▽

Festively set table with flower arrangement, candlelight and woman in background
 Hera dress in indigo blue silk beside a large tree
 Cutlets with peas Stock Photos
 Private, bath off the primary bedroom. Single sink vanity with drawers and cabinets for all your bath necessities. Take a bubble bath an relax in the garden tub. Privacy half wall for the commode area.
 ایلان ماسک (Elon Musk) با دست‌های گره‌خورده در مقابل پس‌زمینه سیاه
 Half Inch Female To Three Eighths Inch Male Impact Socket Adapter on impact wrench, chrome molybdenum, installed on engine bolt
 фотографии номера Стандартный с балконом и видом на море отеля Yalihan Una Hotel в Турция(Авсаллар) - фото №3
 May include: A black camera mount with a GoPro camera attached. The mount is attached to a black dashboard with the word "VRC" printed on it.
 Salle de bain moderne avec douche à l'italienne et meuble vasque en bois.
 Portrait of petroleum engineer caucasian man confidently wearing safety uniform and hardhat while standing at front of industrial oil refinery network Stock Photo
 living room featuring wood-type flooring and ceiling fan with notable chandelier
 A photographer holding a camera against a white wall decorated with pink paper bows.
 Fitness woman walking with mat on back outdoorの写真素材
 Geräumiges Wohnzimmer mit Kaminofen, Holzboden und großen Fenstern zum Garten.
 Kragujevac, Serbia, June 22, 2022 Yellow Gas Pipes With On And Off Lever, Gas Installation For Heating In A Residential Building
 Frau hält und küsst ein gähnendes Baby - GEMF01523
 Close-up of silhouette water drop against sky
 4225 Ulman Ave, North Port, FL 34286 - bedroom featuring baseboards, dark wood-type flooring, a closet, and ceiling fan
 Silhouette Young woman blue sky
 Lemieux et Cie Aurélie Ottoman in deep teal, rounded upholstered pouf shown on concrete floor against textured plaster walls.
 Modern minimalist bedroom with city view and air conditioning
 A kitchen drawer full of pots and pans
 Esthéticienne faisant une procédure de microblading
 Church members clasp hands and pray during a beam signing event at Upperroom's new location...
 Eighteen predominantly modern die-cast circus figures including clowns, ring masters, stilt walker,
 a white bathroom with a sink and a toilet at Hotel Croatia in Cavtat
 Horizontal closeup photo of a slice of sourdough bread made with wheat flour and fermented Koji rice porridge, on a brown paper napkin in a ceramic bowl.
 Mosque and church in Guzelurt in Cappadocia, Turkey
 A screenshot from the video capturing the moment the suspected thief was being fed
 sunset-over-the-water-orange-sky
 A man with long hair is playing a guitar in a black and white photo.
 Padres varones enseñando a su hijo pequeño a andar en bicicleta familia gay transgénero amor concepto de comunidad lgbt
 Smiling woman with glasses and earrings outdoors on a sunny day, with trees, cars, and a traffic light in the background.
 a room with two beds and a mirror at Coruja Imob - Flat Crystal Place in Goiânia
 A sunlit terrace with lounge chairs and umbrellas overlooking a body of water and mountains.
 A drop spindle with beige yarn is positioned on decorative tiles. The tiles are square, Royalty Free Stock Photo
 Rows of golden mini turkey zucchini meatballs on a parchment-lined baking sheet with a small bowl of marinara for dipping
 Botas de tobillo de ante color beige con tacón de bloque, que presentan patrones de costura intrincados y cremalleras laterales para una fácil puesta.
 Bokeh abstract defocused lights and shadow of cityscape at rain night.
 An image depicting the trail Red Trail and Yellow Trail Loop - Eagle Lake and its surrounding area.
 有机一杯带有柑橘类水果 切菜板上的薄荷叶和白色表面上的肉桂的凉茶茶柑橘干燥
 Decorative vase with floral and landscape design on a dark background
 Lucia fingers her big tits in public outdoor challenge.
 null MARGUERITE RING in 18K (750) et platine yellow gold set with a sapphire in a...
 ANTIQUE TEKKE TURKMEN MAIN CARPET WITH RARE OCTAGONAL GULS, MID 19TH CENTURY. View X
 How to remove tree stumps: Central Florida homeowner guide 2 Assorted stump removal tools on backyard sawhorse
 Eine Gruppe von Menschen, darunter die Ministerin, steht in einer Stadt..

△

EXERCISE DETAILS
Your answer should be all lines from the data that contain "woman".

RESULT FOR THIS TASK
Festively set table with flower arrangement, candlelight and woman in background
 Fitness woman walking with mat on back outdoorの写真素材
 Silhouette Young woman blue sky
 Smiling woman with glasses and earrings outdoors on a sunny day, with trees, cars, and a traffic light in the background.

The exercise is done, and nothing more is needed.